Activity: Copy exactly the lines of the material below that run from the one containing "Cozy Cottage On" through the one containing "12524 Valley View Rd #1 - Photo 6 of 20". Copy no other lines.

Excerpted records:
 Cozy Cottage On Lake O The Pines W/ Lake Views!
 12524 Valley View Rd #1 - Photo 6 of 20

* * *

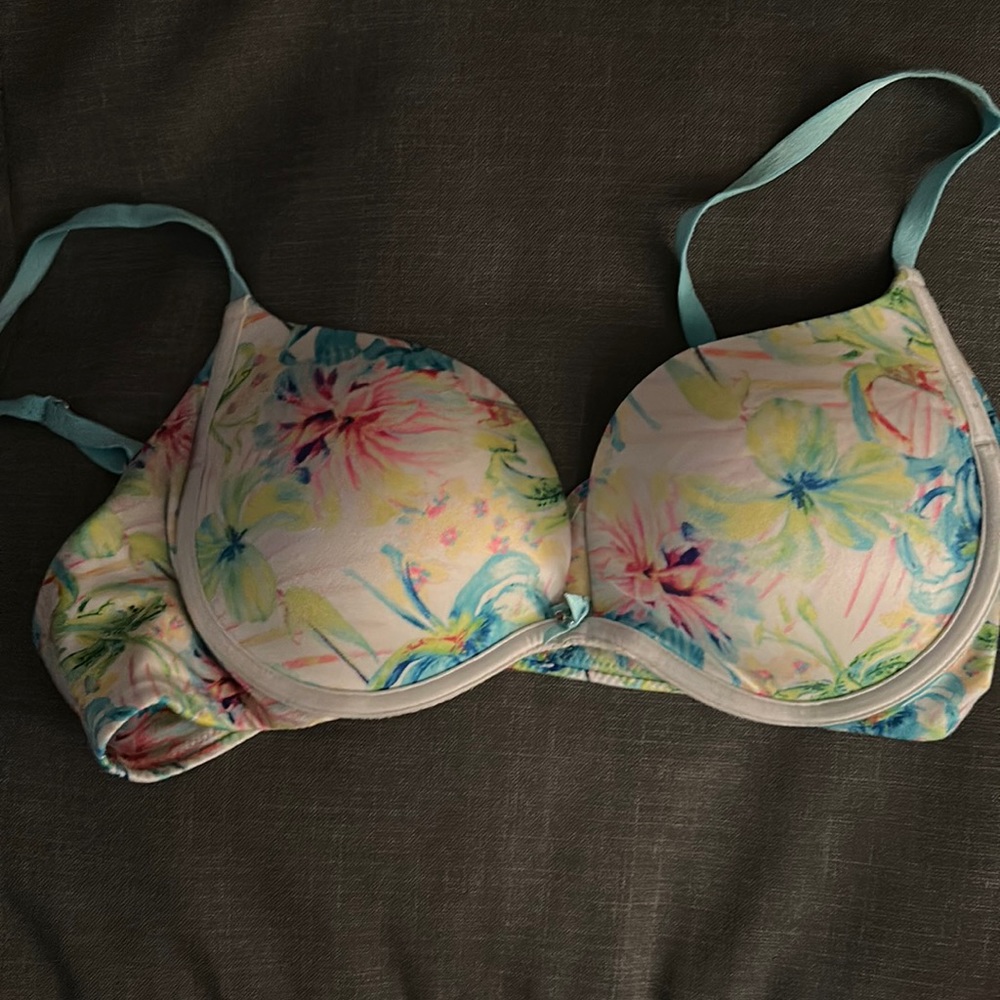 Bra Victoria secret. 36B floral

Expected answer:
 Cozy Cottage On Lake O The Pines W/ Lake Views!
 12524 Valley View Rd #1 - Photo 6 of 20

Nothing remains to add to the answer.